## RECORDED DATA

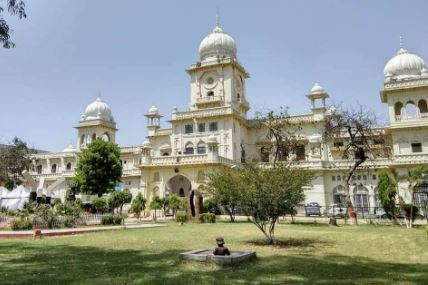 स्टूडियो के जरिए बच्चों को लखनऊ विश्वविद्यालय में दिया जायेगा क्लास, पढ़िए रिपोर्ट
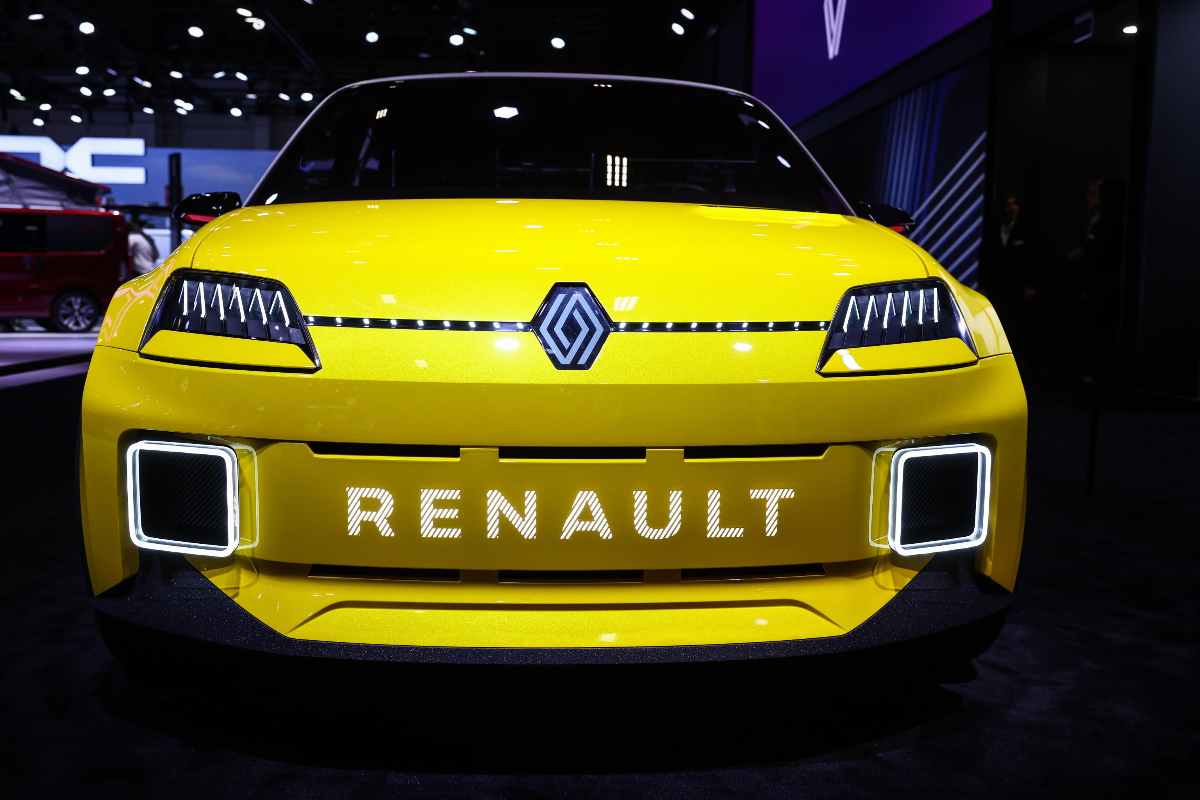 Renault ridurrà costi delle auto elettriche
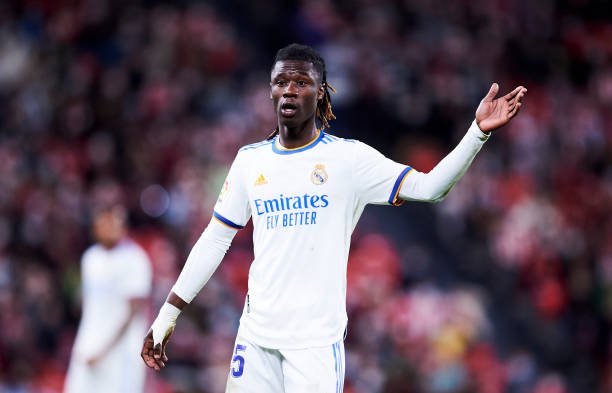 Sem espaço no Real Madrid, Camavinga surge como opção no Liverpool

## WHAT THE TASK ASKS
Leaving out the pictures, restate the listing above exactly.

## RESPONSE TO THIS TASK
 स्टूडियो के जरिए बच्चों को लखनऊ विश्वविद्यालय में दिया जायेगा क्लास, पढ़िए रिपोर्ट
 Renault ridurrà costi delle auto elettriche
 Sem espaço no Real Madrid, Camavinga surge como opção no Liverpool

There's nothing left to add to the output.